13) Há um intercâmbio entre vocês e outros desenvolvedores nacionais?

Sim, algum intercambio, muitos contatos, mas não somos os mais presentes em eventos e associações por aí. Seguimos um caminho mais como “artesãos independentes” no mundo digital.

14) Como você vê o cenário dos jogos nacionais nos próximos dez anos?

O mercado é promissor, crescente, porém cada vez mais competitivo. Criar jogos hoje é relativamente fácil, as ferramentas atuais fazem isso possível para qualquer um que se interesse, que estude o assunto. Isso leva a uma produção crescente, temos muitos novos jogos no mercado, todos os dias – muita competição. É difícil fazer qualquer previsão para dez anos, mas penso que teremos cada vez mais empresas nacionais atuando neste mercado, e produzindo conteúdo. Um mercado mais sólido, mais visível.

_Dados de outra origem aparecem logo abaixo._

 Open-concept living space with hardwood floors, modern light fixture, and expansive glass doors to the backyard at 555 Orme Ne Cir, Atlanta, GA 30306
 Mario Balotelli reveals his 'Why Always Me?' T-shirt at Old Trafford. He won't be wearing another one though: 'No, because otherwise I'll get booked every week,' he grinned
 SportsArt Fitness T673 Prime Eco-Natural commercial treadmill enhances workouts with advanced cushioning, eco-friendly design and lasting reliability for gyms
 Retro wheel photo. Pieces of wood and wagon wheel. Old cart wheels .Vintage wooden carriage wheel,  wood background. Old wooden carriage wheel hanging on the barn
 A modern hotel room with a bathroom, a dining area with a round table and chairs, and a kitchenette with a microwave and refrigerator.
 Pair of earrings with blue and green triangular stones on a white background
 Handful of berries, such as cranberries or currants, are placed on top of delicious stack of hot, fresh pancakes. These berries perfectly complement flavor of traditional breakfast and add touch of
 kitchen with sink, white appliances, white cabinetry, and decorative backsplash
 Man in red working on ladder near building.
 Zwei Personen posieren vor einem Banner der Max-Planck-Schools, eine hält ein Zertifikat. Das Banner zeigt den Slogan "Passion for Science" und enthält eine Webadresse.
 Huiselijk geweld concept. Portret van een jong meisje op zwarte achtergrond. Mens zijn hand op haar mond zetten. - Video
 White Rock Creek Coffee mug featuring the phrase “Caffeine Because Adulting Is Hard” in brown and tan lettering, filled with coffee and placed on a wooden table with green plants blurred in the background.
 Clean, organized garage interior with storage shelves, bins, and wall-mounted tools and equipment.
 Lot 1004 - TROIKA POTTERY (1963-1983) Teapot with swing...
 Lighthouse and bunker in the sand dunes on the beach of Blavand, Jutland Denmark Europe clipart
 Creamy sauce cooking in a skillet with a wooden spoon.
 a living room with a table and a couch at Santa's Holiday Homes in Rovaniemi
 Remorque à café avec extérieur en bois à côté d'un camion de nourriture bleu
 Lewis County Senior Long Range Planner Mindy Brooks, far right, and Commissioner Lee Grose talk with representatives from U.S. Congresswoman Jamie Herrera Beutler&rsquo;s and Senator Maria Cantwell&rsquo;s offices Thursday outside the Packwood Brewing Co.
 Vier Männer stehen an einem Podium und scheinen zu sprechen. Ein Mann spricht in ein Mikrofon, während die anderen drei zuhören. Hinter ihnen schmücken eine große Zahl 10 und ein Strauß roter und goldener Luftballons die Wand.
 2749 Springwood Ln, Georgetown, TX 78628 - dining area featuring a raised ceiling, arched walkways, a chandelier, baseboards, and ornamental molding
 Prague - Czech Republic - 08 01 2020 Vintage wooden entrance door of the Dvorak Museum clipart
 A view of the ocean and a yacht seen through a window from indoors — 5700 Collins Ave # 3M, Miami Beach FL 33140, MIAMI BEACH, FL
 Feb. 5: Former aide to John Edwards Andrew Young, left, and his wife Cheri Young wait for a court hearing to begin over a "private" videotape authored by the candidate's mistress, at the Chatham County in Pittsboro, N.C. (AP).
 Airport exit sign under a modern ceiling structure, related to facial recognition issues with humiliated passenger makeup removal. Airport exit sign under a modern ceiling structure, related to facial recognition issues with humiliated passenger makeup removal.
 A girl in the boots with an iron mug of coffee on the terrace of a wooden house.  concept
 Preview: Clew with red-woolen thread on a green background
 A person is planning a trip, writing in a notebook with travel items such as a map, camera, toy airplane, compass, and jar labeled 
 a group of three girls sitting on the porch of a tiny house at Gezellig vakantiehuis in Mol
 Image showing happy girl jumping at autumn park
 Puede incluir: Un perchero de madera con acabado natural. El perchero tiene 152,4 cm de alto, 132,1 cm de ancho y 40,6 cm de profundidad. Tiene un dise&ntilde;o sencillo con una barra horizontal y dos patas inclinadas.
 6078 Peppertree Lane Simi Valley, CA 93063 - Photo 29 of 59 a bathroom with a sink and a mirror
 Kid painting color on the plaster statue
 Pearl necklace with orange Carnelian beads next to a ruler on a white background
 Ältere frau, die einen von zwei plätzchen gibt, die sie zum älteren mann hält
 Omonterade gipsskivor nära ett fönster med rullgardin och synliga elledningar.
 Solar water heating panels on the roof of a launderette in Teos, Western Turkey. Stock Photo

15) Nas horas vagas, quais são os seus jogos preferidos?

Um pouco de tudo. Estou sempre de olho e testando novidades no iPad, Android e PC. Tenho jogado mais no Xbox atualmente, e no momento procurando mais jogos família, para jogar em dupla, e curtir com meu filho de 8 anos. Na preferência ainda rondam shooters, adventures e jogos de ação. Na história o velho “H.E.R.O.” do Atari, e o “The Day of the Tentacle” no PC, são jogos que considero entre os preferidos.